The expected response consists solely of the lines from the line with "Tape the other" through the last line of the material below, copied exactly.

(DATA BLOCK Opens)

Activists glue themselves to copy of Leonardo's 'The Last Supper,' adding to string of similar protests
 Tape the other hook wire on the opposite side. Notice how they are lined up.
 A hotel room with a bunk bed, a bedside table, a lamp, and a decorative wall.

(DATA BLOCK Closes)

● **RESPONSE TO THE EXERCISE**
 Tape the other hook wire on the opposite side. Notice how they are lined up.
 A hotel room with a bunk bed, a bedside table, a lamp, and a decorative wall.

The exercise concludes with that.